Re: Swimming, do you? Advice sought.

Post by Beehave »

eli80 wrote: Wed Jan 16, 2019 9:23 am I swam in HS and have done triathlons. The only thing I would add is don't worry about counting laps to get to your mile or whatever distance. Swim for a time period - 30 minutes or whatever. If you want every couple of weeks see what your distance is over the time period.
+1

In general, for walking, running, swimming - - unless you are training for a competition I find it's better to base your exercise on a total time-spent goal rather than a distance goal. The exercise is more relaxing and your body finds its pace and you don't strain and injure yourself to meet some mythical (self-imposed) goal. You also get to experiment and vary things more (because you are not constantly fighting the clock to improve on yesterday's time) which keeps things more interesting. So you walk or run a different path, or you try a swimming stroke you're not so good at and the variation keeps your mind active and different muscles or balance requirements.

Also: I find the backstroke much less exhausting than other strokes. I kick more than I use my arms (so maybe 2 kicks or sometimes more per arm stroke). You still use your arms, and you can use them powerfully, but your legs do lots of work and keep you moving.

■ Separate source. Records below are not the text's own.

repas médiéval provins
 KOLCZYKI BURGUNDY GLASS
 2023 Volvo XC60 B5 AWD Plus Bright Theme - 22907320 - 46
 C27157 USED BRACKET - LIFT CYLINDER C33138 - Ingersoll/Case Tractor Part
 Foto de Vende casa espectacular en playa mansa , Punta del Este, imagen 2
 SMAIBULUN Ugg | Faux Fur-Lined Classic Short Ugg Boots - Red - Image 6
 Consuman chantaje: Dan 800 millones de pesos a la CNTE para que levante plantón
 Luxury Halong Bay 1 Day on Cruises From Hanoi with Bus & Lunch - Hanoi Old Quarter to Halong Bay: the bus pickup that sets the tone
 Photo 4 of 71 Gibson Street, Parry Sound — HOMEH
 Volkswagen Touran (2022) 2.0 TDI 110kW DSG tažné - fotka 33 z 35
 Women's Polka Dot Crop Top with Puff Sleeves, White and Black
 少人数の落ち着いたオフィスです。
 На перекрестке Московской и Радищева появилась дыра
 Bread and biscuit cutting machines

I swam a lot when I was younger. I stopped swimming years ago because the indoor pools were too crowded. I changed over to exercycle and rowing machine - and neglected core exercises. Big mistake! Strengthening your upper body and legs and leaving the middle weaker is a prescription for back problems. Now I do Pilates and physical therapy-type core exercises every day in addition to any other exercise - in other words, it takes precedence. I believe that swimming is good core exercise, but in general I'd suggest adding some specific core exercise as well as part of the regime as insurance.